Berarti MS=TM=t tinggi piramida. Sebut MK = AB = a
(setengah alas piramida)
dapat diukur. KS = b dapat diukur. Jadi t = a + b.
demikian metoda bayangan dari Thales. Thales adalah orang pertama yang namanya
dikaitkan dengan suatu penemuan, yakni dalil Thales. Dalil Thales tersebut
adalah garis-garis sejajar akan memotong dua garis atas
perbandingan-perbandingan seharga, misalnya AP : PB = DQ : QC. Dalil ini masih
dipelajari di SMP atau di SMA sekarang ini, selain itu juga Thales orang
pertama yang menemukan sifat-sifat geometri seperti berikut ini:
1. Diameter membagi dua sama besar suatu lingkaran
2. Sudut alas suatu segitiga sama kaki, sama besar
3. Sudut siku yang dibentuk dua garis berpotongan
tegaklurus sama besar
4. Dua segitiga kongruen jika dua sudut dan satu kaki
yang bersesuaian dari sudut itu, sama besar
Walaupun teori ini sederhana menurut kita sekarang,
tetapi Thales orang pertama yang menyusun teori ini bukan hanya berdasarkan
pengalaman (empiris) tetapi juga berdasarkan pemikiran yang logis (rasio).
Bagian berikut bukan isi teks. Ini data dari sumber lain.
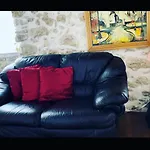 Case de vacanță Art House Pagoi Sleeps 6 Parking Near The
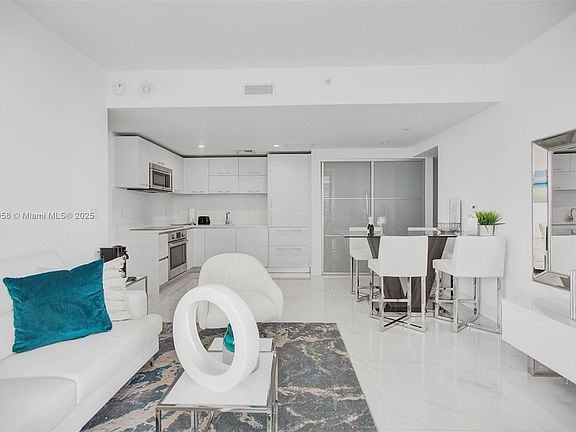 Building Photo - 1300 S Miami Ave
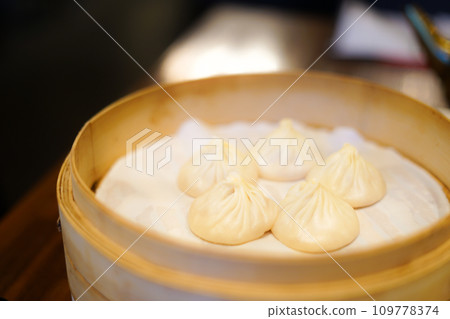 The image of a small basket parcel (Taipei, Taiwan) The image of a small basket parcel (Taipei, Taiwan) 109778374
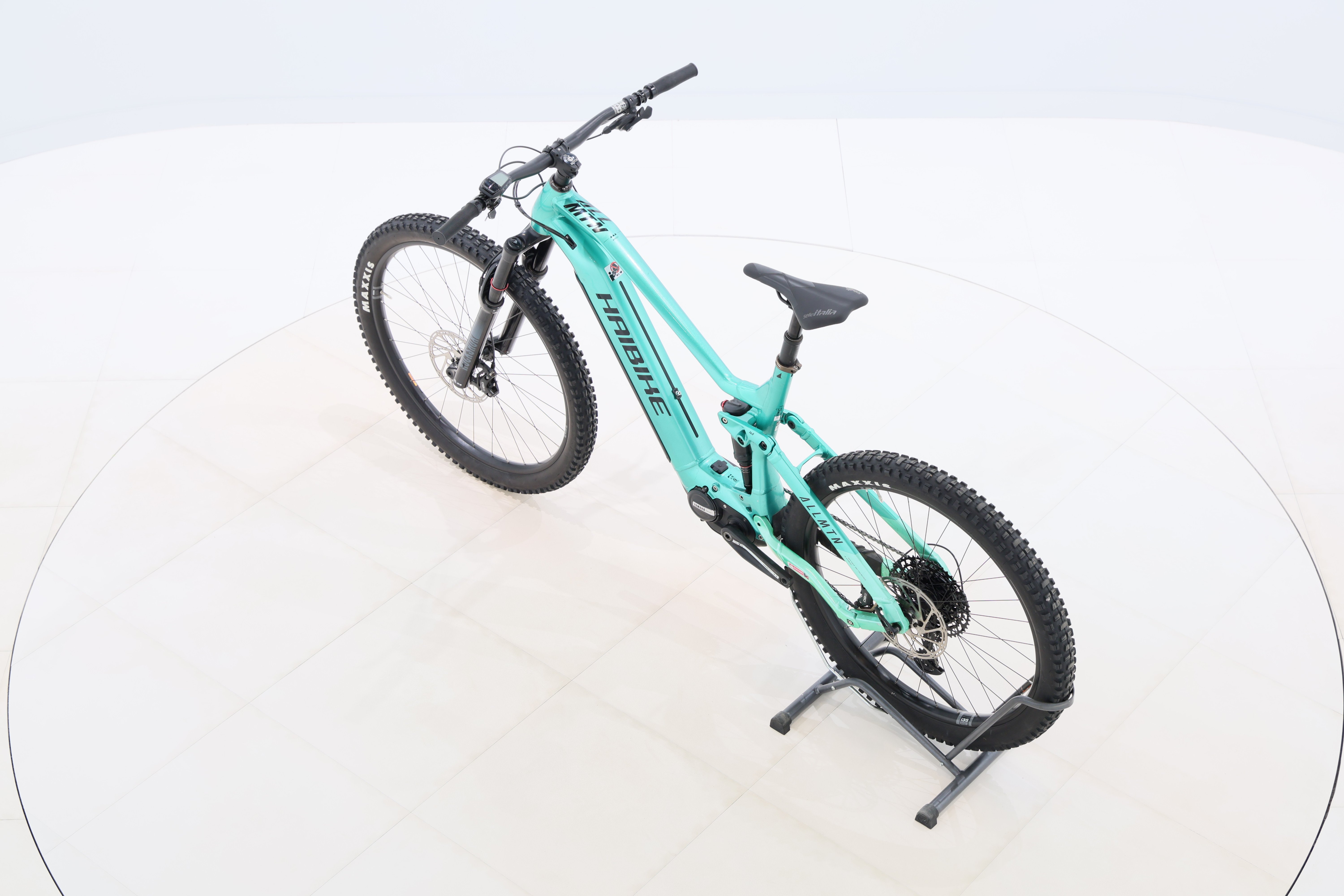 e99d0499-9f64-43ca-bff9-e8676f371115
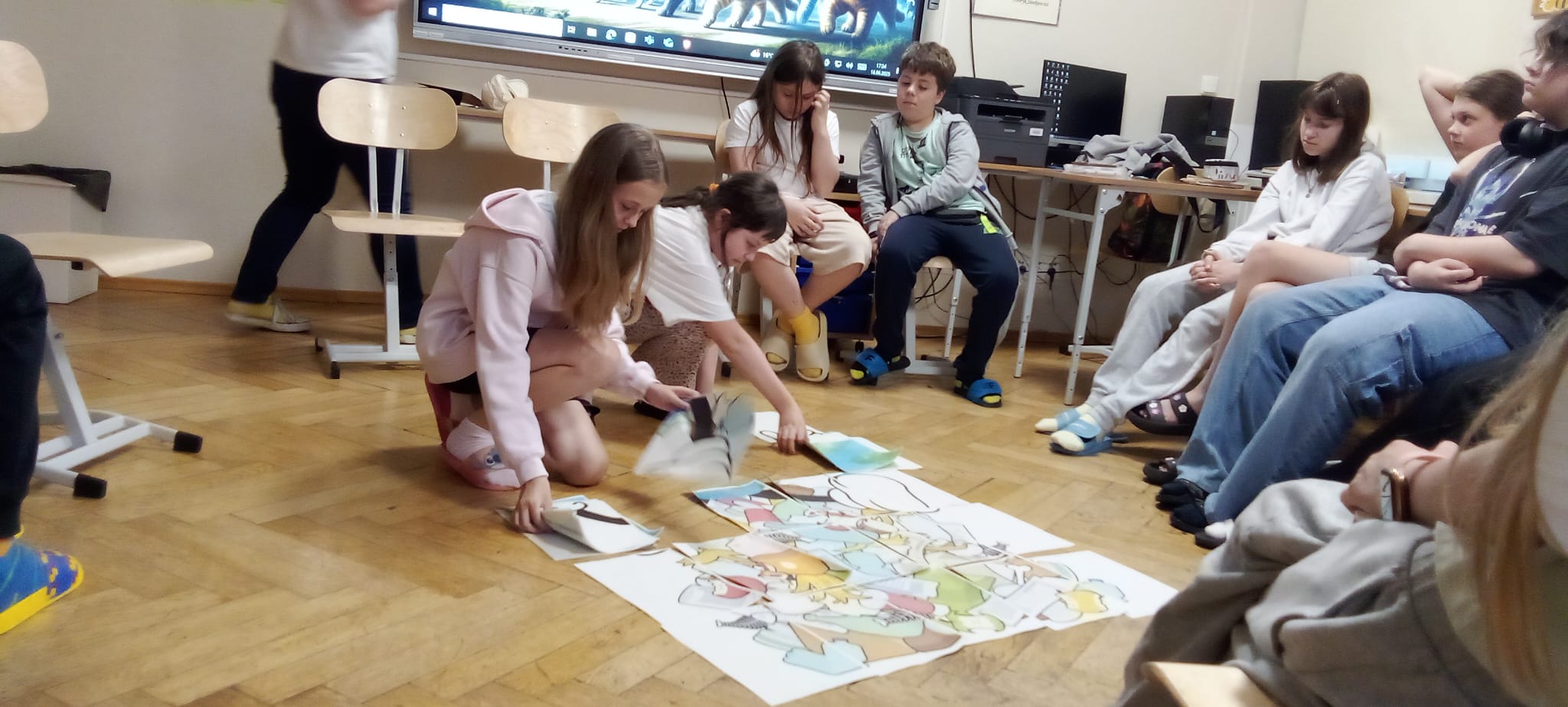 Uczniowie układają puzzle tematyczne w rozmiarze XXL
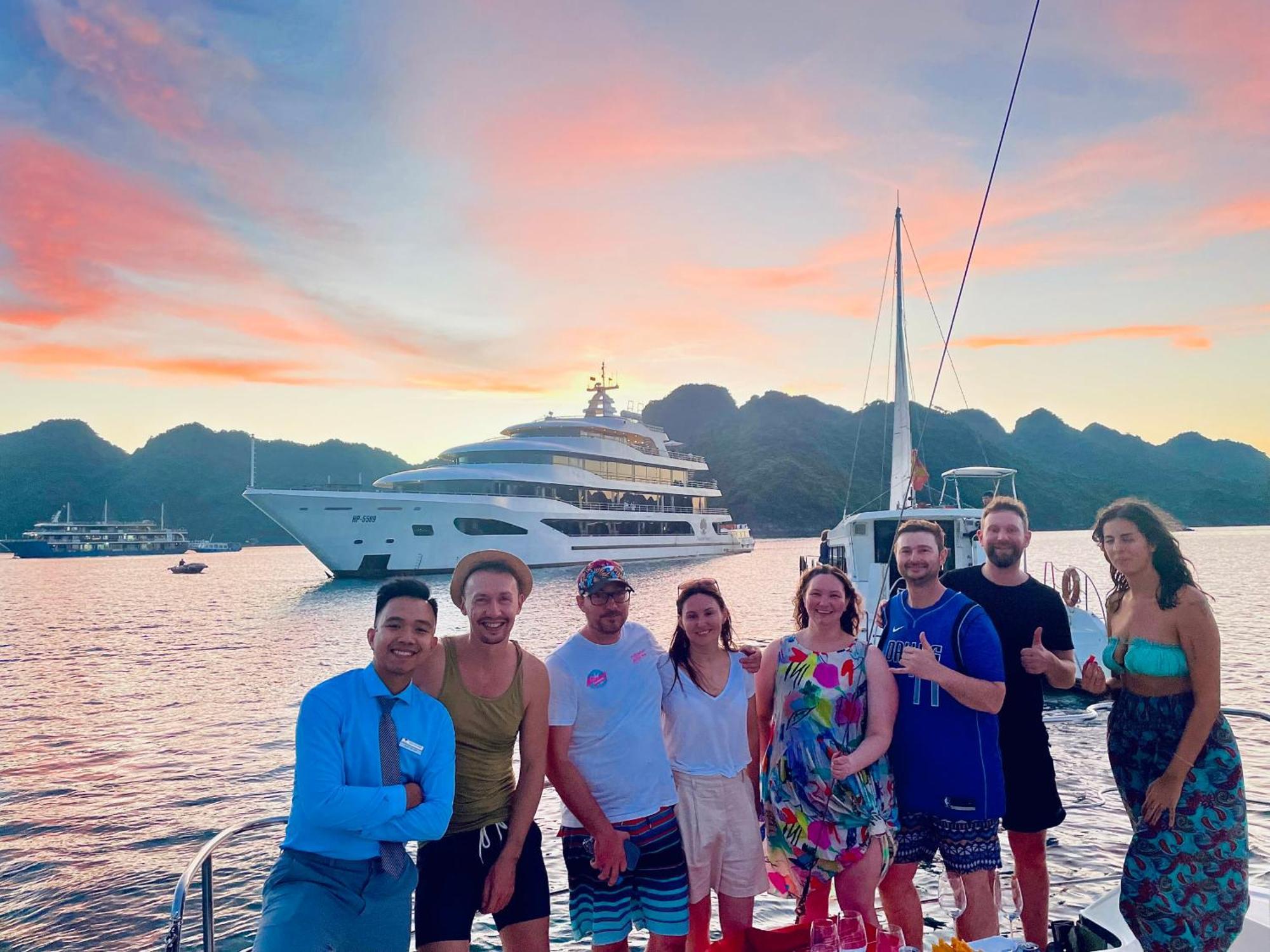 Scarlet Pearl Cruises - Wonder On Lan Ha Bay Otel Ha Long Dış mekan fotoğraf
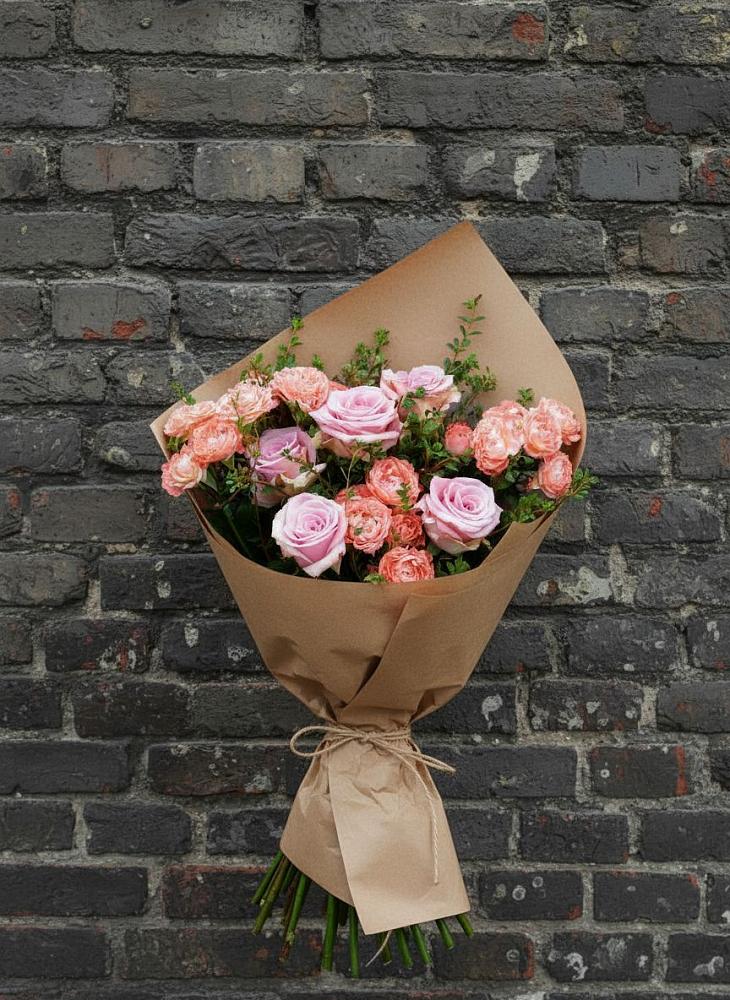 Букет цветов из: Розы в Мильково Камчатского края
Salah seorang yang mengembangkan matematika di Eropah
pada Abad 17 adalah Galileo Galilei, ia mengamati lampu gantung di Gereja Pisa
dan mendapatkan bahwa periode ayunan lampu tidak tergantung pada panjang busur
ayunannya dan membuktikan bahwa periode ayunan tidak tergantung kepada beban
bandulnya, dan penemuan lainnya yaitu bahwa kecepatan benda jatuh tidak
tergantung pada berat benda itu. Penemuan Galileo ini memberi pandangan baru
terhadap ilmu pengetahuan yaitu keselarasan antara ekspeimen dengan teori.
Perkembangan cabang-cabang matematika mulai zaman
sebelum Masehi sampai sekarang seperti aritmetika, geometri kalkulus, aljabar,
statistik dan analisis beserta pembuktian-pembuktian yang telah ditemukan oleh
para ahli matematika dapat kita pelajari sampai sekarang. Apabila kita mengkaji
baik teori maupun bukti- bukti dari teorema-teorema cabang-cabang matematika
tersebut maka ini tidak terlepas dari penemuan-penemuan para akhli matematika
dan filsafat matematika beserta paham yang dianutnya dalam hal ini adalah paham
rasionalisme dan empirisisme.
Berdasarkan
perbedaan dan persamaan dari paham rasionalisme dan empirisisme, maka
kontribusi kedua paham tersebut terhadap perkembangan matematika antara lain
dalam hal pembuktian-pembuktian suatu teorema, yaitu dengan menggunakan akal
(rasio) dan pengalaman indera (empirisis) untuk merangsang ingatan dan membawa
kesadaran terhadap pengetahuan yang selama itu sudah ada dalam pikiran.